◆ **Exercise prompt**
Reproduce each line, exactly, from the one containing "מעמד היסטורי: ברסלב" through the end of the material. Exclude pictures.

◆ **Source material**

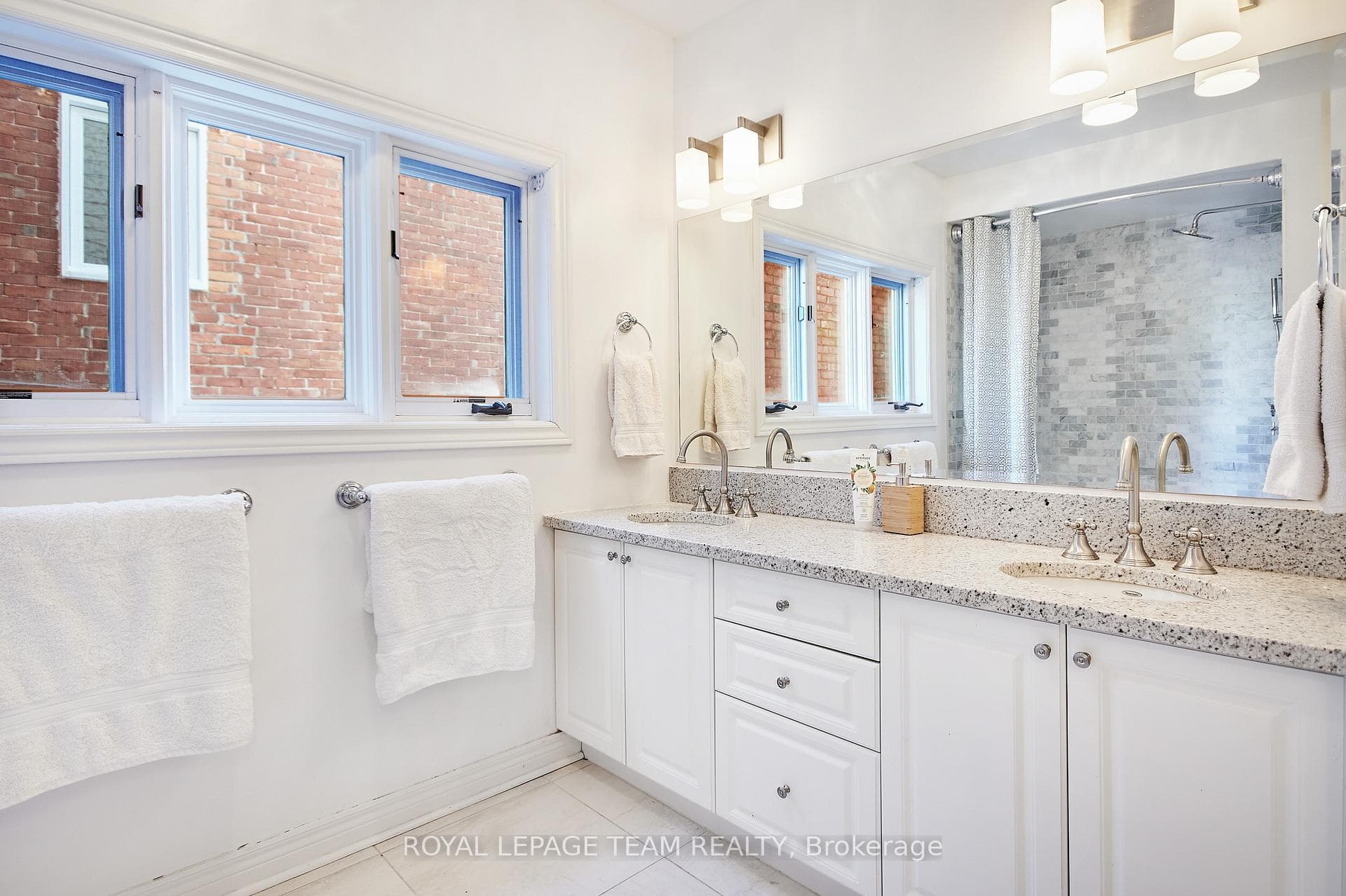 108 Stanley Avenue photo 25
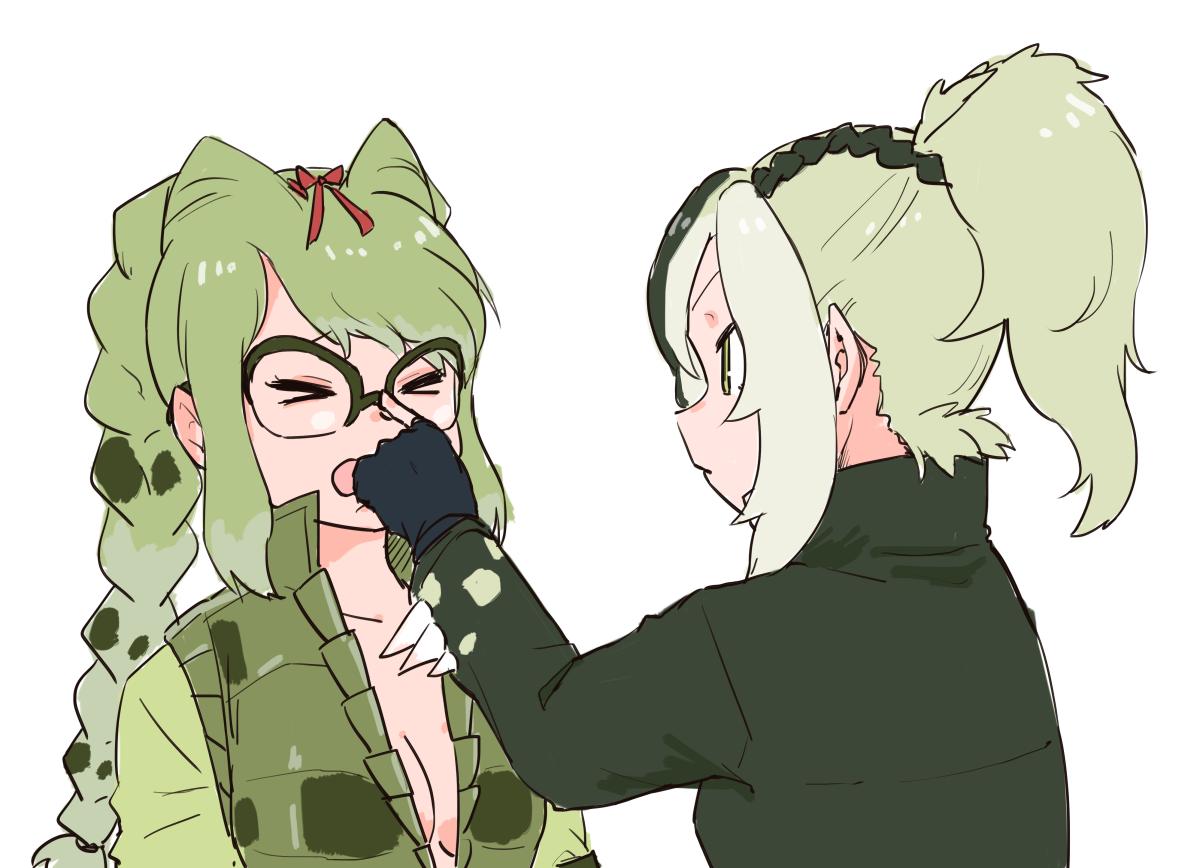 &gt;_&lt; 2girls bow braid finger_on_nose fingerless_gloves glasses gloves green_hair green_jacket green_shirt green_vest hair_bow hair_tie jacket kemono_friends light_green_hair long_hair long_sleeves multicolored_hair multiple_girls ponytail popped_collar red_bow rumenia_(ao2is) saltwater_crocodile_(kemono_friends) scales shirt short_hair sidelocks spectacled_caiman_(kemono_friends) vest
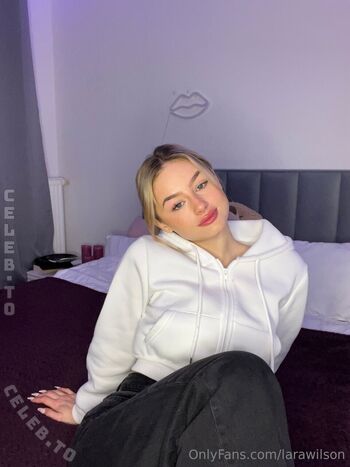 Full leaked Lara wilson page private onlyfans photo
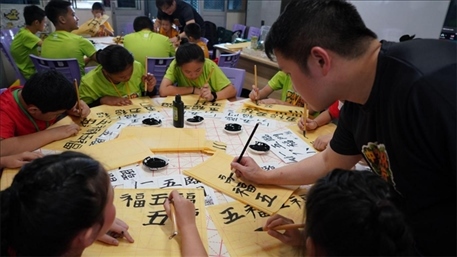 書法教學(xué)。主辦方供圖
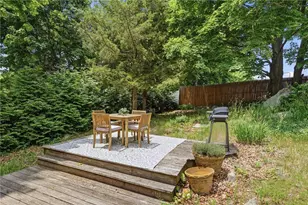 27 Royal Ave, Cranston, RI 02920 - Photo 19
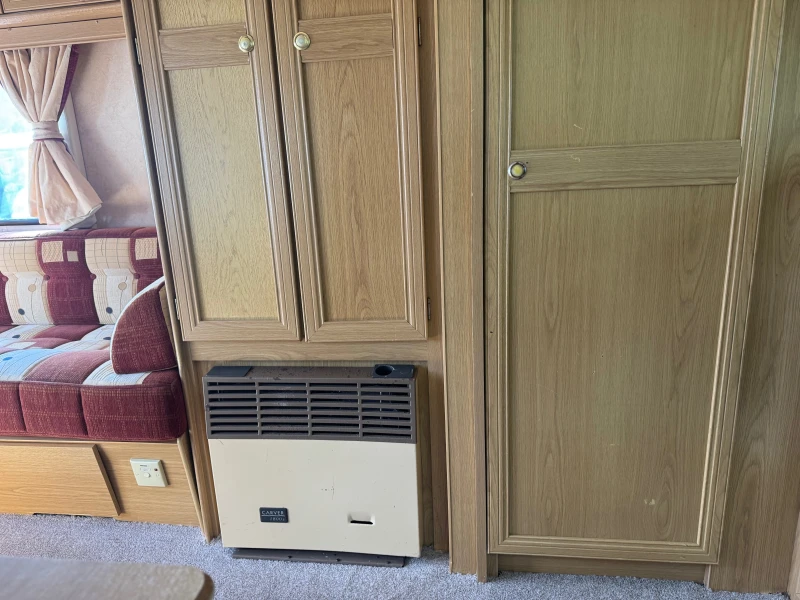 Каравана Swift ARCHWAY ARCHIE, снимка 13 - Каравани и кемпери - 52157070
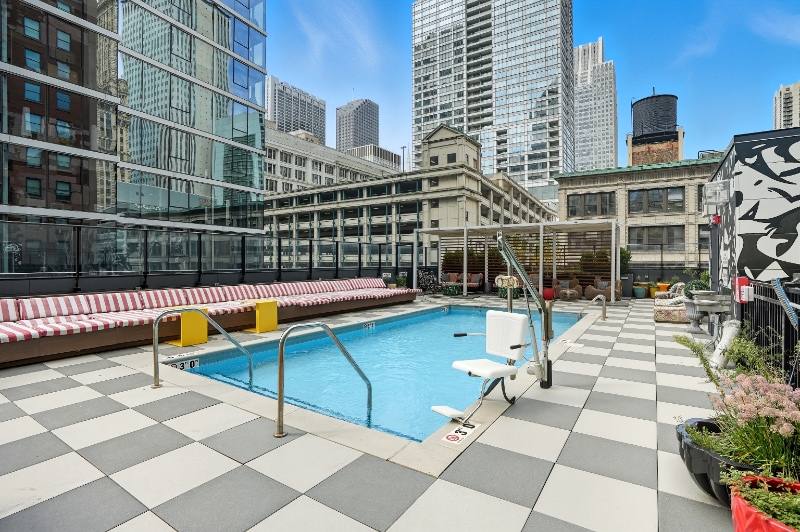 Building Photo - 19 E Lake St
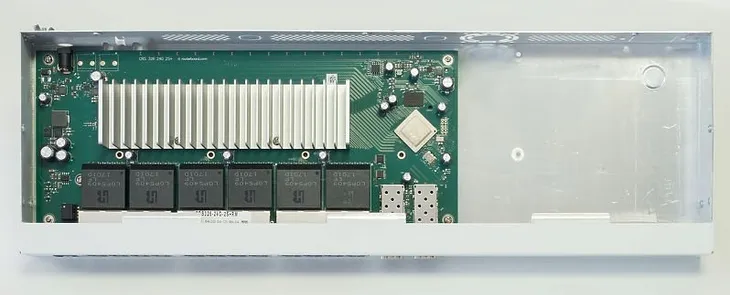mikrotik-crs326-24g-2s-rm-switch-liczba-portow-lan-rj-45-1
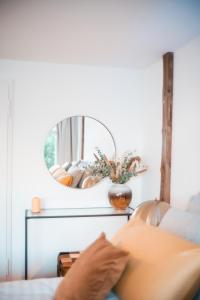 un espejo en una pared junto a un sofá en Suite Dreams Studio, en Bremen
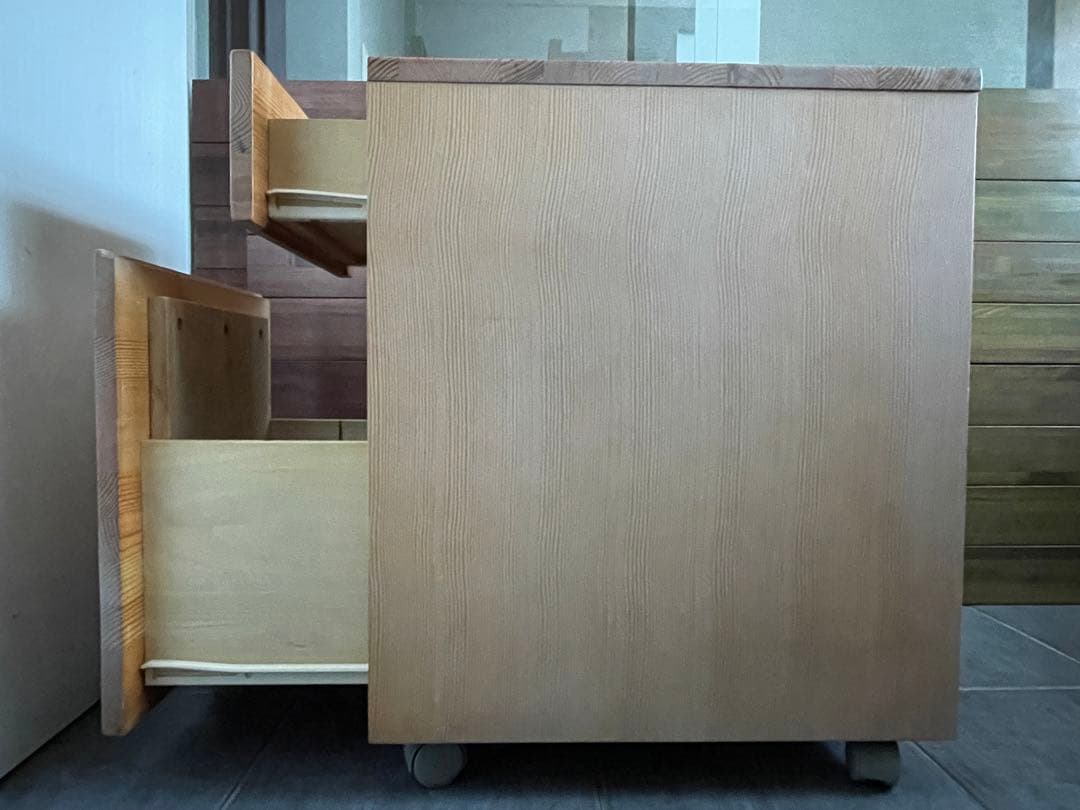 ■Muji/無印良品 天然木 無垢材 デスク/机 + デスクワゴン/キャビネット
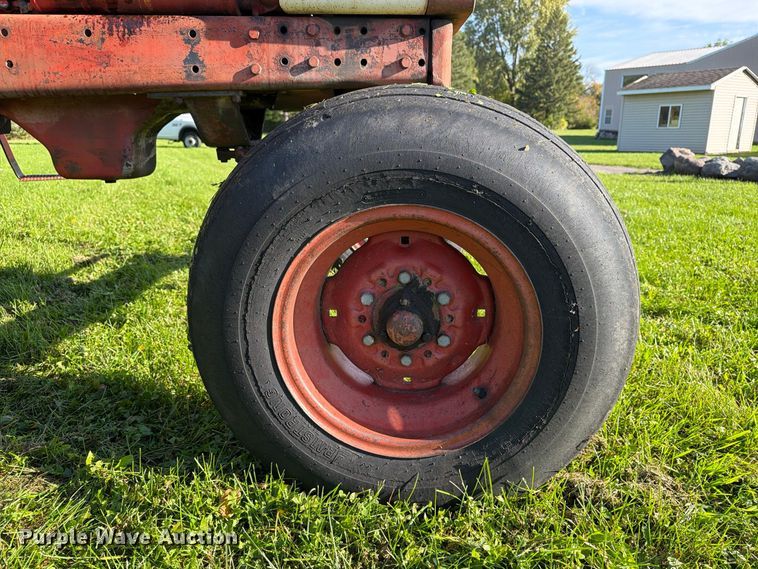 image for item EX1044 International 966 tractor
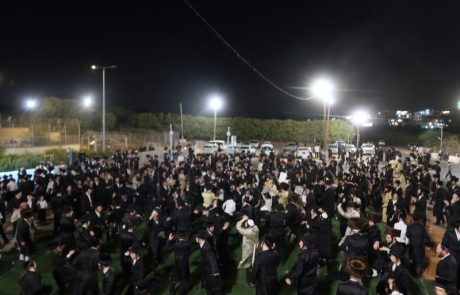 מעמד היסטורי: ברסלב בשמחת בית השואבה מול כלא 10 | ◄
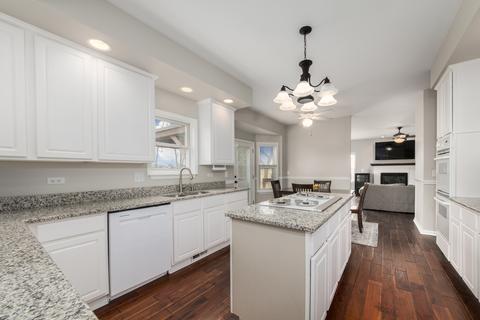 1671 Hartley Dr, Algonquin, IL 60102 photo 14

◆ **Answer to the problem**
 מעמד היסטורי: ברסלב בשמחת בית השואבה מול כלא 10 | ◄
 1671 Hartley Dr, Algonquin, IL 60102 photo 14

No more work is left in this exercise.